Sans se ranger du côté du Hirak, il ne soutient pas franchement l’Etat et nombreux sont ceux qui l’accusent de jouer double jeu. Vers la fin du mois de juin, il finit par tenter une timide initiative de médiation afin de trouver une solution à la crise. Il se fait inviter en prime time à la télévision marocaine pour y exposer ses arguments et surtout dégager sa responsabilité. Les observateurs y voient un énième come-back de « l’insubmersible ». Un retour qui ne sera pourtant que de courte durée, une illusion. La médiation dans le Rif est un échec et l’homme s’empêtre dans ses propres contradictions. Ilyas El Omari n’est pourtant pas au bout de ses peines, puisque une enquête menée par le site d’information Ledesk.ma met en doute le sérieux du projet de la Cité Tanger Tech dont il s’est fait le chantre. Le gouvernement est obligé de monter au créneau pour défendre ce projet lancé avec un groupe privé chinois. Et contrairement à ce qu’affirme partout le président de la région Tanger-Tétouan-Al Hoceima, c’est le tycoon de la finance Othmane Benjelloune qui en assume la paternité.

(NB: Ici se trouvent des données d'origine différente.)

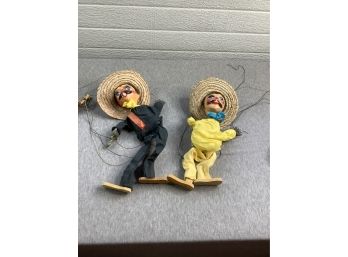 Marionette Puppet Lot Of 2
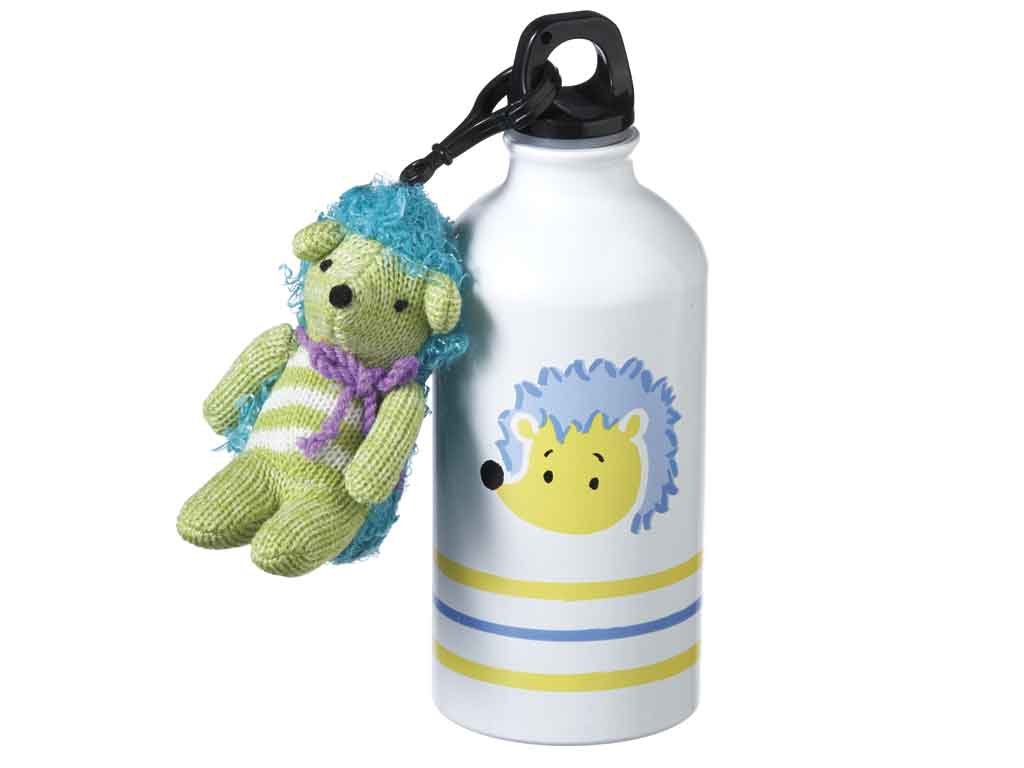 Hedgehog Water Bottle With Clip. Aluminum. Amazon.co.uk Kitchen & Home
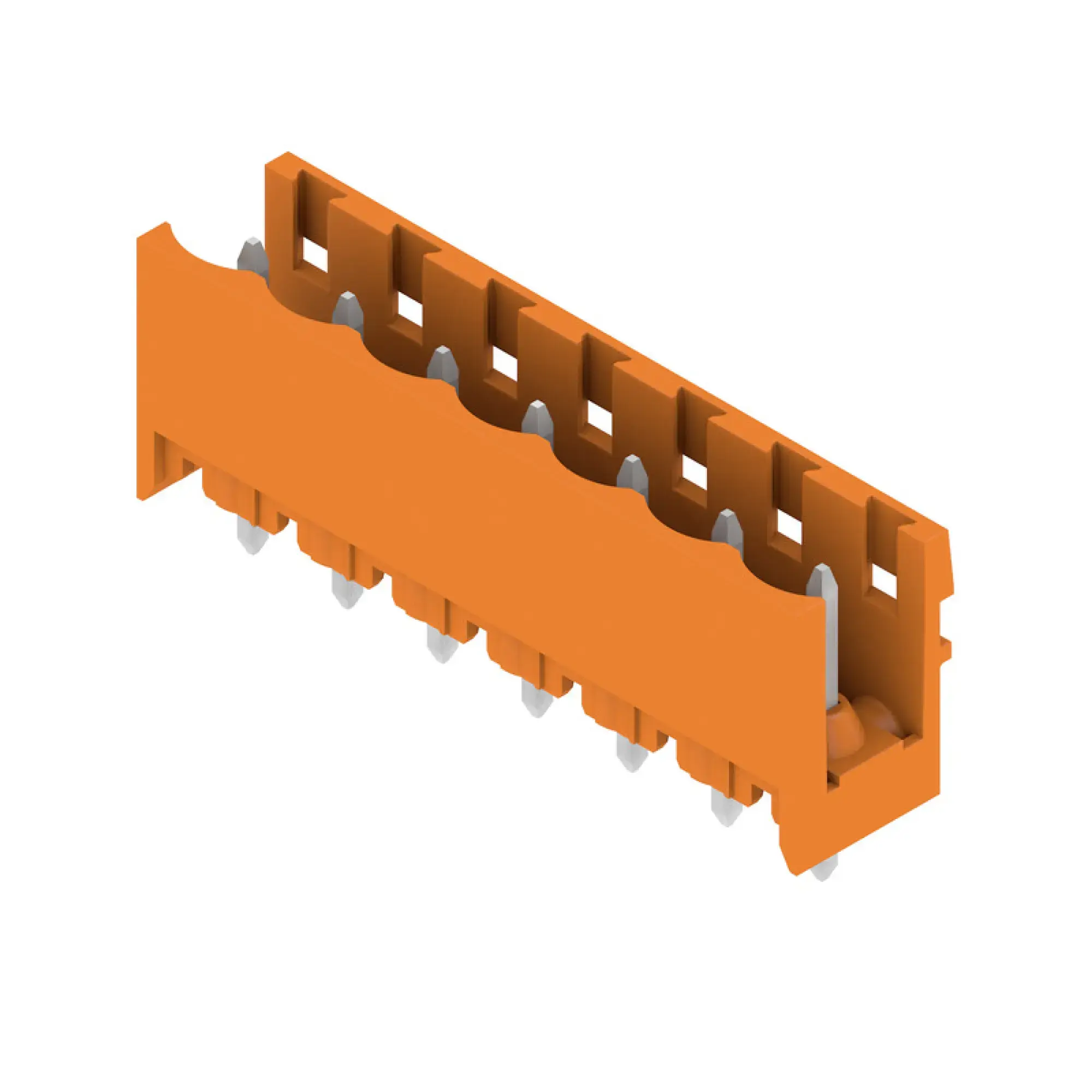 Weidmüller 1146470000 PCB connector (board connection), 320 V, 24 A, Pitch in mm: 5.08, Number of poles: 7, THT solder connection, Box (img_001)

Le coup est rude et le compte à rebours est désormais enclenché. Ce n’est plus une traversée du désert dont on parle, mais bien d’une « désactivation » complète et totale. « Il n’était plus possible ni pour l’Etat ni pour le Palais d’alimenter sur leurs fonds propres un compte toujours déficitaire et à risque. Cela pouvait menacer à terme l’ensemble du système », conclut un ministre très au fait des rouages politiques du royaume.
Et le Makhzen dans tout ça? Comment Akhennouch a-t-il pu sauter à la direction d’un parti dont il n’était qu’un invité d’honneur? et jouer un rôle décisif dans la crise gouvernementale qui avait duré 6 mois? Pour la manif d’Azeroual c’était l’intérieur mais pour le blocage qui faut-il incriminer?